# WHAT TO WORK ON
Your output should be the lines below from the one holding "Win&Win Klasik Yay" through the one holding "塞瓦斯托波尔战役故事介绍", transcribed exactly, with no pictures.

# EXERCISE DATA
⟨

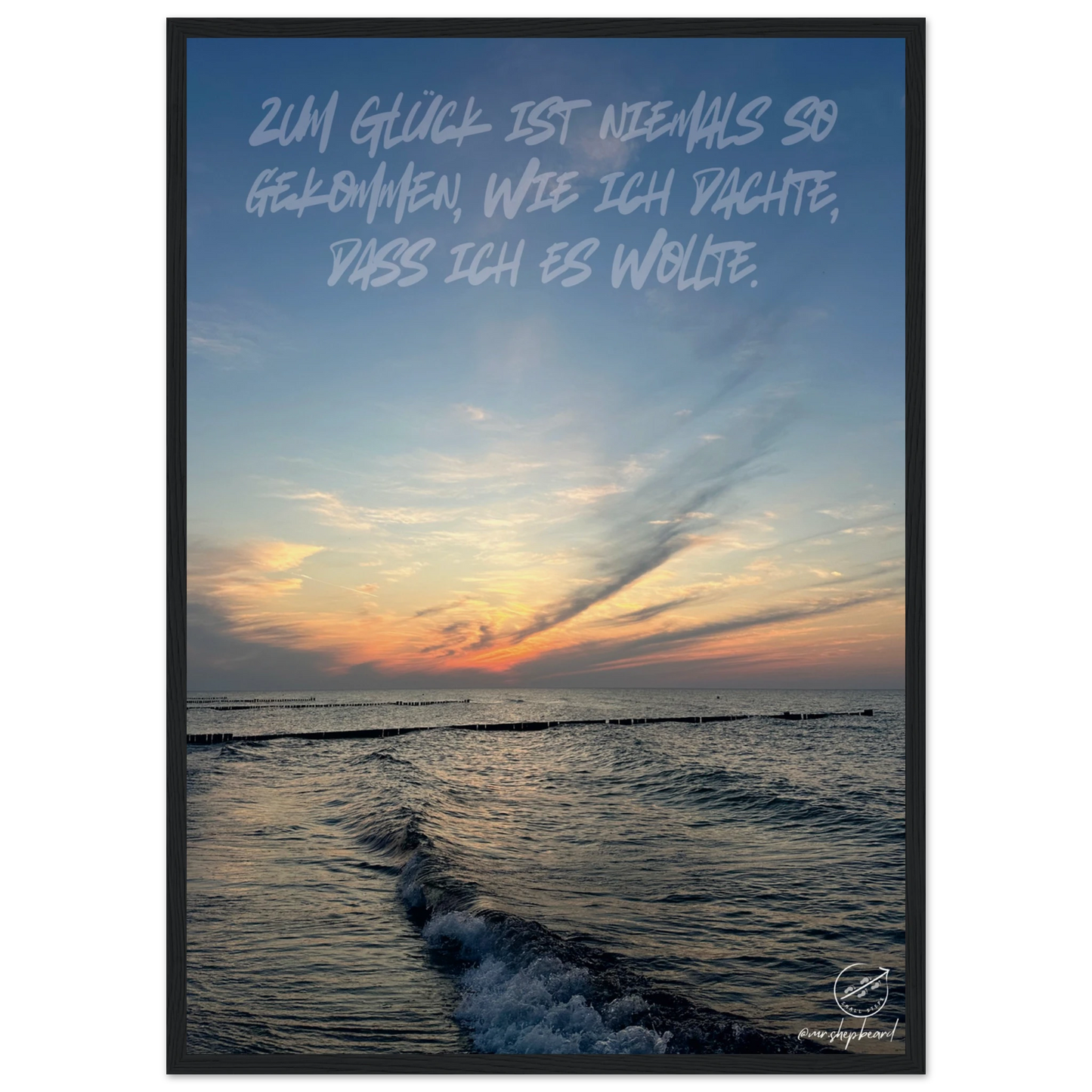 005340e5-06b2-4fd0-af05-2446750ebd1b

⟩
⟨

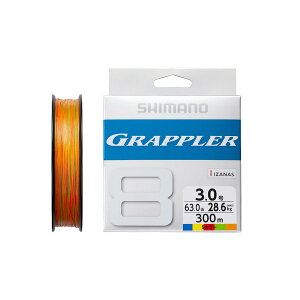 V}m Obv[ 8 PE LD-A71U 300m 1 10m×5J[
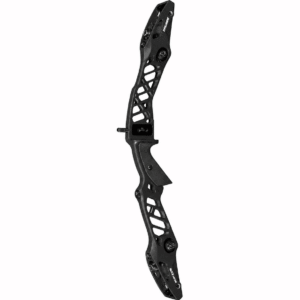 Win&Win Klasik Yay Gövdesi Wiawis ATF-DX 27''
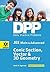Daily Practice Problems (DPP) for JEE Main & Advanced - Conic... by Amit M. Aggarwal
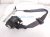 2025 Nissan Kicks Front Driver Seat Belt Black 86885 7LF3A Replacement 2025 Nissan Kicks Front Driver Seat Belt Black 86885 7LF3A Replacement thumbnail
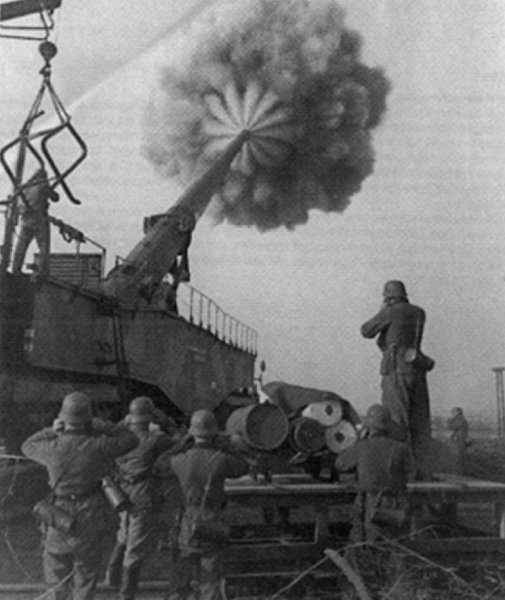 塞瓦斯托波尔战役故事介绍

⟩

# TASK ANSWER
 Win&Win Klasik Yay Gövdesi Wiawis ATF-DX 27''
Daily Practice Problems (DPP) for JEE Main & Advanced - Conic... by Amit M. Aggarwal
 2025 Nissan Kicks Front Driver Seat Belt Black 86885 7LF3A Replacement 2025 Nissan Kicks Front Driver Seat Belt Black 86885 7LF3A Replacement thumbnail
 塞瓦斯托波尔战役故事介绍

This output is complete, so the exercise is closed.